Question

Write a backtracking algorithm for the \(n\) -Queens Problem that uses a version of procedure expand instead of a version of procedure checknode.

Short answer

The backtracking algorithm for the n-Queens problem with the expand procedure starts from an empty chessboard and recursively places queens on the board, generating children nodes. It backtracks when it fails to place a queen, returning to the previous node and trying a different placement. The algorithm continues this process until a solution is found or all placements are exhausted.

Step-by-step solution

Creating the initial node

Create an empty chessboard as the initial node for the backtracking algorithm and define the expand procedure. Since the queens are unique (no two are alike), we'll index them and try placing them on the board.
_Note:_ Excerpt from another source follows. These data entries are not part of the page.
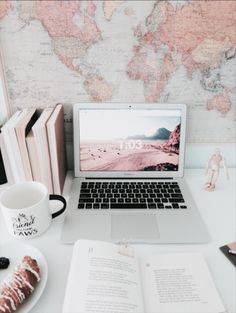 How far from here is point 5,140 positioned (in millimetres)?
810

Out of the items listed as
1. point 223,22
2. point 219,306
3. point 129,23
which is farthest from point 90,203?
point 223,22

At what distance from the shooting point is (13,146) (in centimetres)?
81

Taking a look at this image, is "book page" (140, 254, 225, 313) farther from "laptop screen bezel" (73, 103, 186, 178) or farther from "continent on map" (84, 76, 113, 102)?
"continent on map" (84, 76, 113, 102)

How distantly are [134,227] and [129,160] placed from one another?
0.84ft

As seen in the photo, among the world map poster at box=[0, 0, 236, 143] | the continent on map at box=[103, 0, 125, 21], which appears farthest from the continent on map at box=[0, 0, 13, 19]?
the continent on map at box=[103, 0, 125, 21]

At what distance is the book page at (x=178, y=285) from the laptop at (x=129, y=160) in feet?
0.55

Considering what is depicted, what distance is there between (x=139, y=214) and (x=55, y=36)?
0.56 meters

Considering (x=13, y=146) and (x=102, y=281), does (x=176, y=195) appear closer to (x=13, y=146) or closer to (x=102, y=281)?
(x=102, y=281)

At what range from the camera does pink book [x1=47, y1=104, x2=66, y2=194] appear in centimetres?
80

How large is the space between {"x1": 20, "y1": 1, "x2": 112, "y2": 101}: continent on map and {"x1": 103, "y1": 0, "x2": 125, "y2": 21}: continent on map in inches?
1.2

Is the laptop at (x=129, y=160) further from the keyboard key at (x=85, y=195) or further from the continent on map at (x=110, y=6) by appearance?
the continent on map at (x=110, y=6)

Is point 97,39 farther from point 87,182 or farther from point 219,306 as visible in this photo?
point 219,306

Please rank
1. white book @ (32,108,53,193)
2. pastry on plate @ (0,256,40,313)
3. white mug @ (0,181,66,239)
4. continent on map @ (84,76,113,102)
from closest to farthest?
pastry on plate @ (0,256,40,313) → white mug @ (0,181,66,239) → white book @ (32,108,53,193) → continent on map @ (84,76,113,102)

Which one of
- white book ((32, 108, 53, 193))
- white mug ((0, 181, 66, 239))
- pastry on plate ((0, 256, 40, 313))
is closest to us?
pastry on plate ((0, 256, 40, 313)) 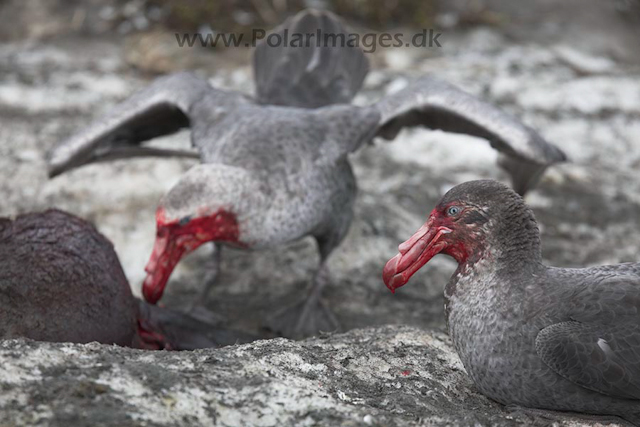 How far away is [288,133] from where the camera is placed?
13.6 ft

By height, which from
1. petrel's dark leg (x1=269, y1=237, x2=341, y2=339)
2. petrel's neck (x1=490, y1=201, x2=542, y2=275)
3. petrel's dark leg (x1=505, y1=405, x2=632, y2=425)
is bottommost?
petrel's dark leg (x1=269, y1=237, x2=341, y2=339)

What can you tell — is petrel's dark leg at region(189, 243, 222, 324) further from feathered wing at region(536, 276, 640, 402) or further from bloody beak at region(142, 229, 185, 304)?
feathered wing at region(536, 276, 640, 402)

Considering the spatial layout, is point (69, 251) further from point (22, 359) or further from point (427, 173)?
point (427, 173)

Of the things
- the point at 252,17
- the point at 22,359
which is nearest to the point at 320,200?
the point at 22,359

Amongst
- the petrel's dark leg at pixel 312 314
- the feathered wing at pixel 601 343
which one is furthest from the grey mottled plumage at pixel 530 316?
the petrel's dark leg at pixel 312 314

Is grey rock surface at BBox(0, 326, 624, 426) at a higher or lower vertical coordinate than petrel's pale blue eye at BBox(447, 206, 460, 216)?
lower

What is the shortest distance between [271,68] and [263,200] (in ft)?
4.57

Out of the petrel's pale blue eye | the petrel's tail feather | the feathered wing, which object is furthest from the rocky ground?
the petrel's tail feather

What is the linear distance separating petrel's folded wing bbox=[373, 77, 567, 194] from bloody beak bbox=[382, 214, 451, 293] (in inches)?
65.5

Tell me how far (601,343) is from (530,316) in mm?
244

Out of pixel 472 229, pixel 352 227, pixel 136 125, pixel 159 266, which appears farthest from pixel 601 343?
pixel 136 125

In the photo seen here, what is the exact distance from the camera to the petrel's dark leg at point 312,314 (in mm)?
4250

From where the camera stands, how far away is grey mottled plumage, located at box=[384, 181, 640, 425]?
2.48m

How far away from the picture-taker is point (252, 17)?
7.66m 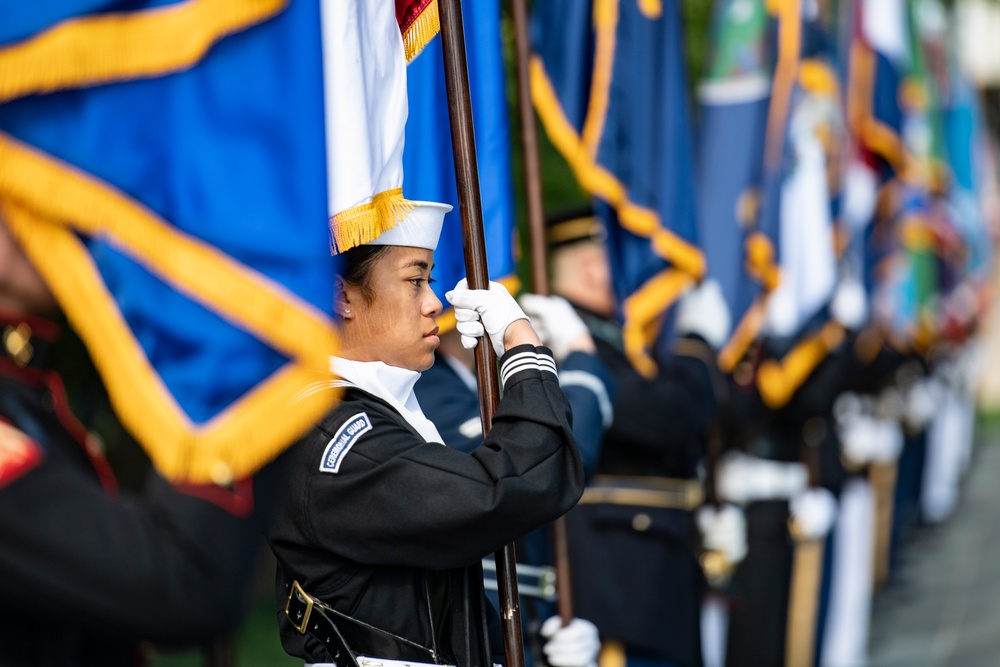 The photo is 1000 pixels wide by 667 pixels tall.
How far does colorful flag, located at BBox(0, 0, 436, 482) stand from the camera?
1626 millimetres

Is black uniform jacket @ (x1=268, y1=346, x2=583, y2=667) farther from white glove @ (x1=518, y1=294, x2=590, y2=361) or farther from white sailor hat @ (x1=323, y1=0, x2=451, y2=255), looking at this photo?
white glove @ (x1=518, y1=294, x2=590, y2=361)

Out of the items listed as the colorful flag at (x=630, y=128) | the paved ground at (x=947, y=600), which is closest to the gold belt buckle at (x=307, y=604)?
the colorful flag at (x=630, y=128)

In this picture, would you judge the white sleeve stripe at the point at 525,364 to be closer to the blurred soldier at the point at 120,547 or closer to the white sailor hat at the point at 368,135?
the white sailor hat at the point at 368,135

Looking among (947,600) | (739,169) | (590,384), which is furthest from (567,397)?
(947,600)

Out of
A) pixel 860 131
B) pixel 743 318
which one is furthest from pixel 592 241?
pixel 860 131

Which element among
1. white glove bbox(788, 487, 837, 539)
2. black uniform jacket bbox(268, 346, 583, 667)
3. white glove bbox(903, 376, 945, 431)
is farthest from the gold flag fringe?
white glove bbox(903, 376, 945, 431)

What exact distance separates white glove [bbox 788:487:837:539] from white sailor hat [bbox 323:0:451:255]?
4.40m

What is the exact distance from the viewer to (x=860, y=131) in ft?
27.5

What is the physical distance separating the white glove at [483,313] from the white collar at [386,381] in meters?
0.15

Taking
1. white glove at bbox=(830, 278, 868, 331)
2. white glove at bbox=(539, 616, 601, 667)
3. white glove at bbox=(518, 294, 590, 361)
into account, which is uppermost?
white glove at bbox=(518, 294, 590, 361)

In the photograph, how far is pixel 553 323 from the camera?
3596mm

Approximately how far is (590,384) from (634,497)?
113cm

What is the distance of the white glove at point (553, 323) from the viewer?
3.57m

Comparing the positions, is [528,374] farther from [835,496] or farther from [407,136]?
[835,496]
Start by placing the first queen (index 0) in every possible space on the board (which would be \(n\) possibilities). Generate \(n\) children nodes, each representing a different placement of the first queen.

Recursive call

Let's assume we have a node that represents the placement of k queens on the board. Then the expand procedure will generate the children node by placing the queen \(k + 1\) in all possible spaces on the board where it is not threatened by any other queen already placed on the board. It's important to note that we only need to check the queens that have already been placed. This is the 'expand' procedure which will recursively go down the tree from the root node (empty chessboard), placing queens on the board and generating children nodes for each placement.

Handle base cases

There are two base cases to handle here. First, if we have placed all \(n\) queens on the board, then we have found a solution, so return the current board. Second, if we couldn't place a queen in any row during the 'expand' procedure, that means we have hit a dead-end. In that case, we backtrack and remove the queen placed in the previous procedure, marking it as not feasible.

Iterative backtracking algorithm

This expands on the third step and outlines how backtracking works. Start from the root node (empty chessboard). Then, while there are untried ways of placing the queens, choose one and update the board accordingly. Apply the expand procedure to generate the children nodes. If we find a solution during this process, return the corresponding board. If not, backtrack to the previous node and try a different placement until a solution is found or all placements have been tested.